Rafael Harth comments on Inner Alignment: Explain like I’m 12 Edition

Rafael Harth 9 Aug 2020 9:14 UTC
16 points
This doesn’t seem like the bottleneck in many situations in practice. For example, a lot of young men feel like they want to have as much sex as possible, but not father as many kids as possible. I’m not sure exactly what the reason is, but I don’t think it’s the computational difficulty of representing having kids vs. having sex, because humans already build a world model containing the concept of “my kids”.
In this case, I would speculate that the kids objective wouldn’t work that well because the reward is substantially delayed. The sex happens immediately, the kids only after 9 months. Humans tend to discount their future.
Also, how exactly would the kids objective even be implemented?

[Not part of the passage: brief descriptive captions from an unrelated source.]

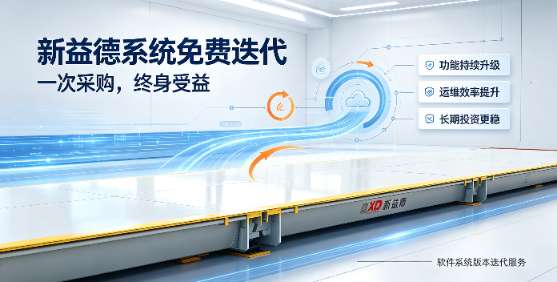称重系统免费升级 | 软件迭代 | ERP对接 | 全生命周期服务 | 称重软件ROI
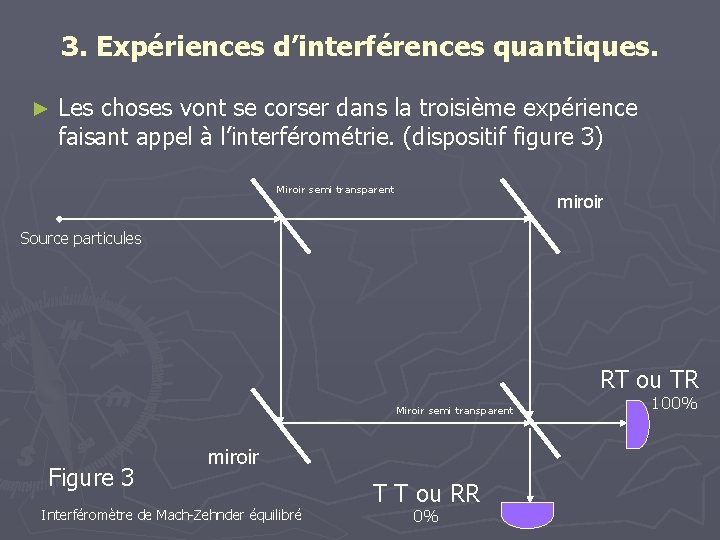 3. Expériences d’interférences quantiques. ► Les choses vont se corser dans la troisième expérience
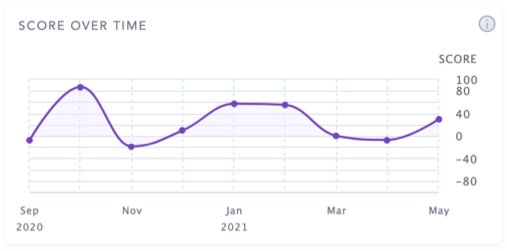 Team Response Graph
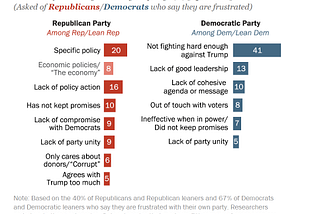 Why Americans Aren’t Happy with the Democrats, Either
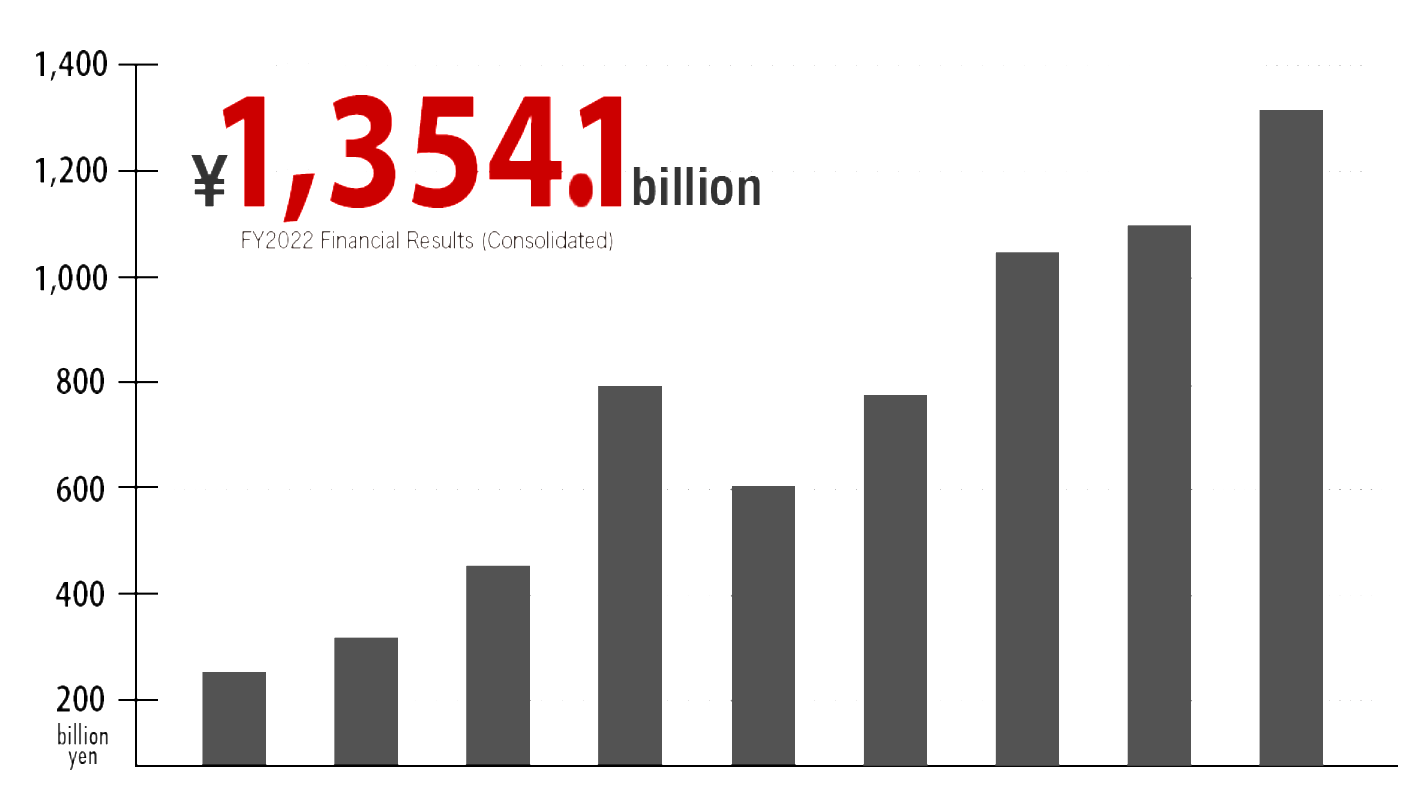 Honda Trading to See in Numbers｜Introduce the scale of Honda Trading Group
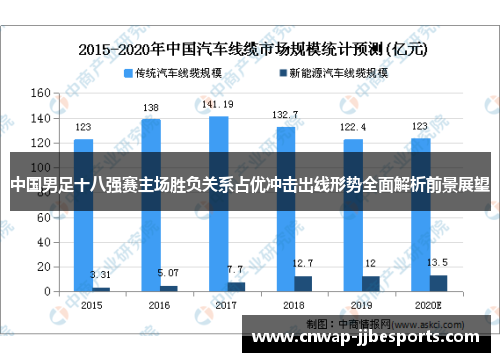 中国男足十八强赛主场胜负关系占优冲击出线形势全面解析前景展望 中国男足十八强赛主场胜负关系占优冲击出线形势全面解析前景展望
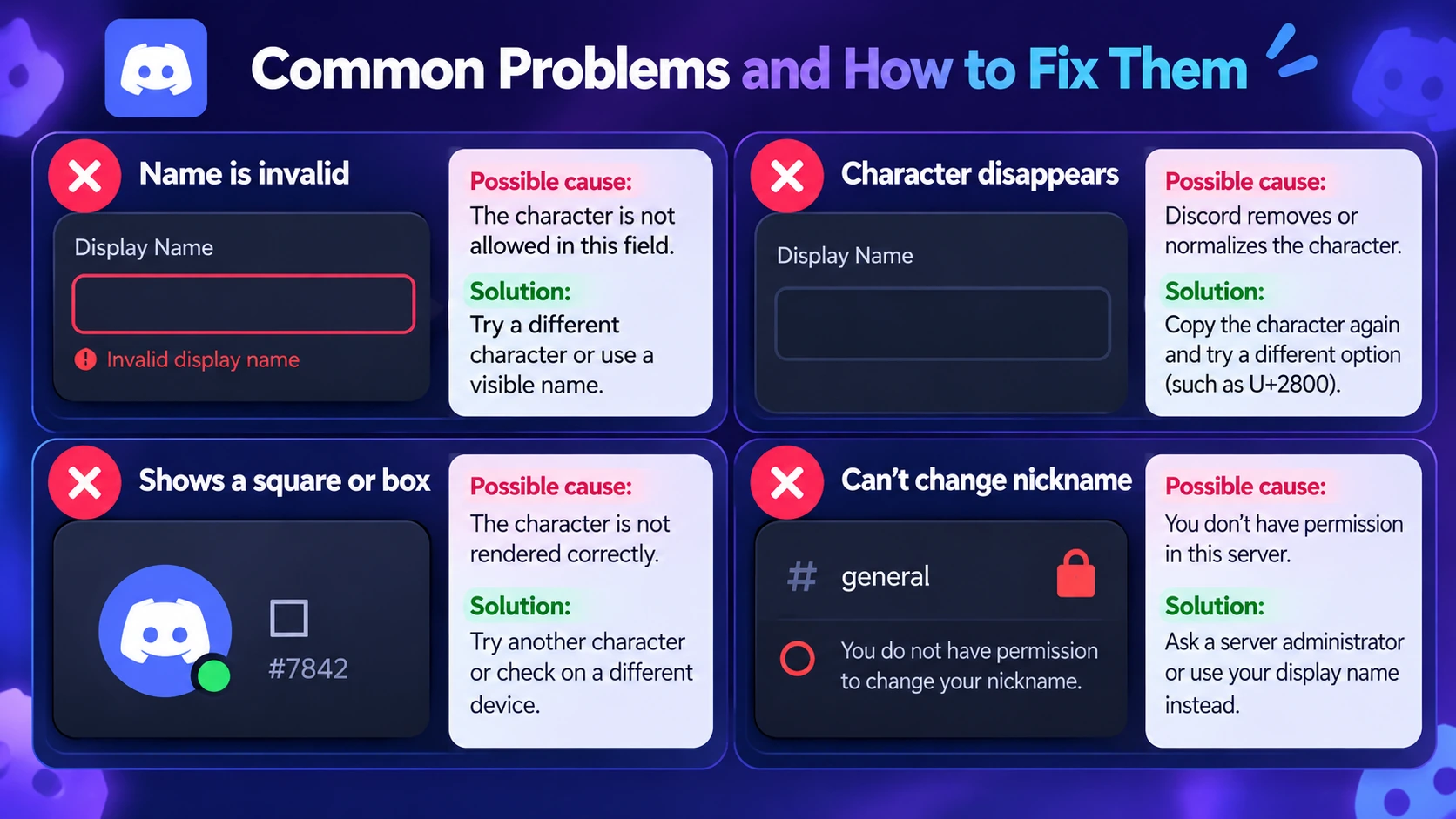 Discord-style troubleshooting guide with invalid-name, removed-character, rendering and permission issues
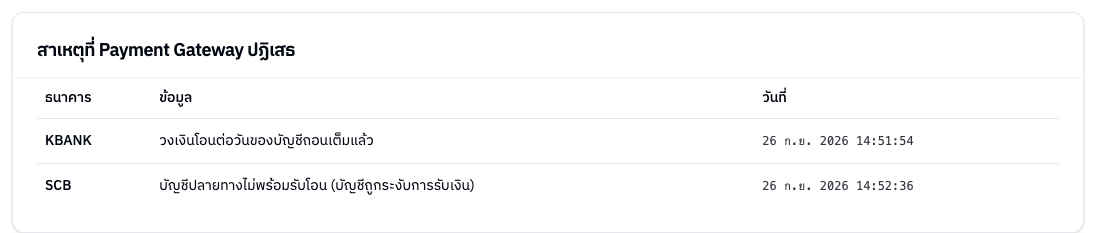 ตารางสาเหตุที่ Payment Gateway ปฏิเสธ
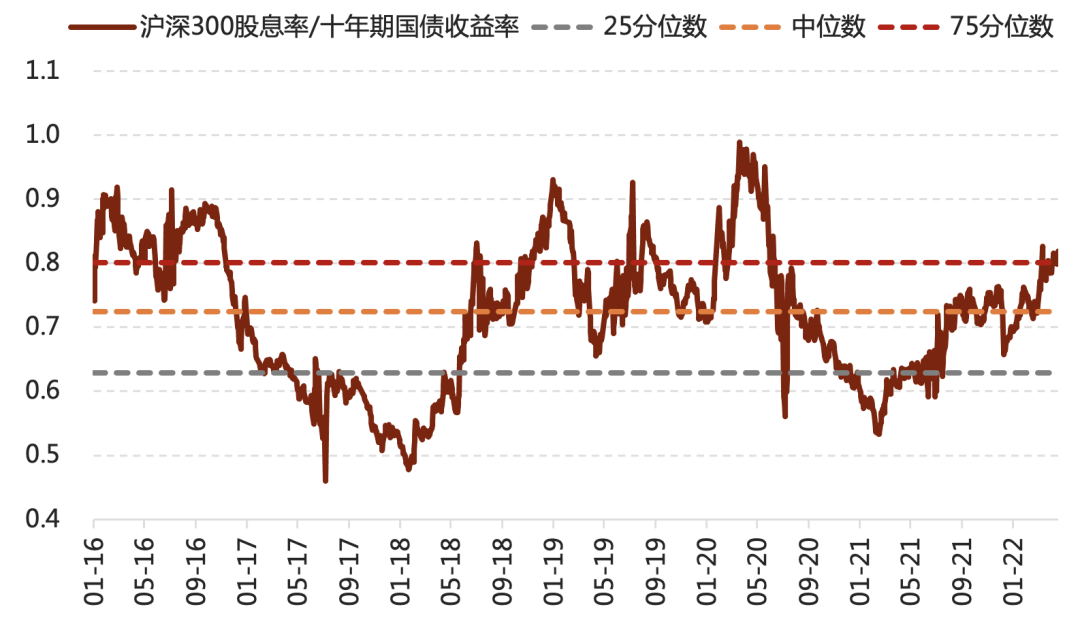 数据来源：Wind，诺亚研究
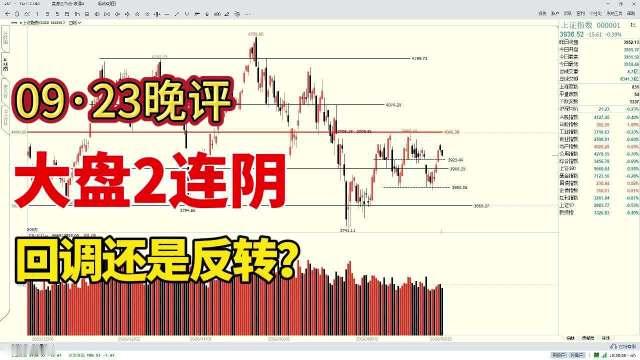 大盘2连阴，回调还是反转？#交易员云起[超话]#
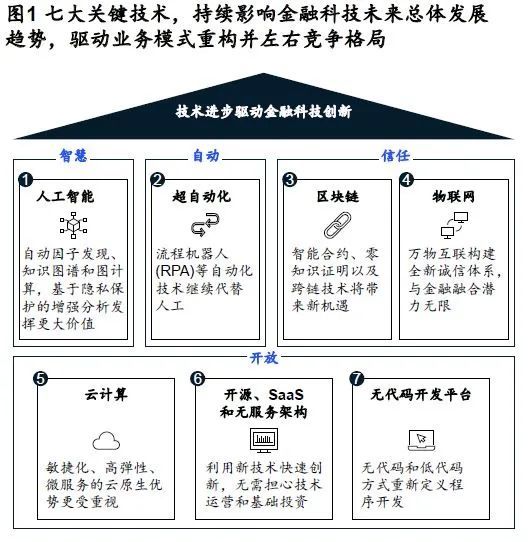 什马金融有限公司_四川一通金融仓储有限公司招聘_消费金融有限公司章程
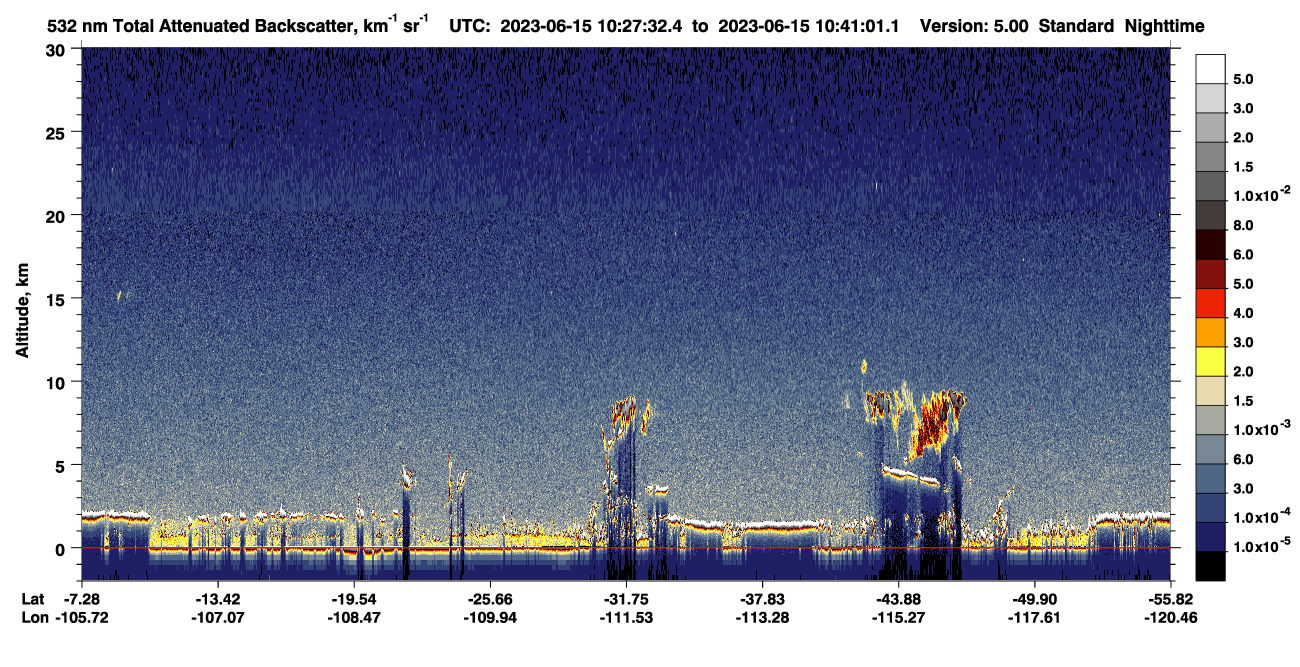 /calipso-imagery/data/BROWSE/production/V5-00/2023-06-15/2023-06-15_10-14-08_V5.00_2_1_CVDcolormap.png image missing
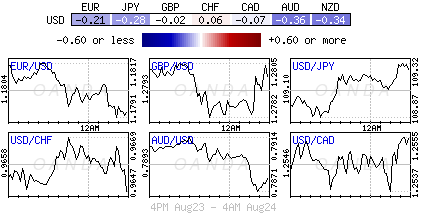 Forex Heatmap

What else have people said on this subject?
I believe that Miri was aware of this problem for a long time, but that it didn’t have the nice, comparatively non-confused and precise handle of “Inner Alignment” until Evan published the ‘risks from learned optimizations’ paper. But I’m not the right person to say anything else about this.
Do folks think that scenarios where we solve outer alignment most likely involve us not having to struggle much with inner alignment? Because fully solving outer alignment implies a lot of deep progress in alignment.
Probably not. I think Inner alignment is, if anything, probably the harder problem. It strikes me as reasonably plausible that Debate is a proposal which solves outer alignment, but as very unlikely that it automatically solves Inner Alignment.
- Liron 9 Aug 2020 11:36 UTC
  6 points
  Parent
  Hm ya I guess the causality between sex and babies (even sex and visible pregnancy) is so far away in time that it’s tough to make a brain want to “make babies”.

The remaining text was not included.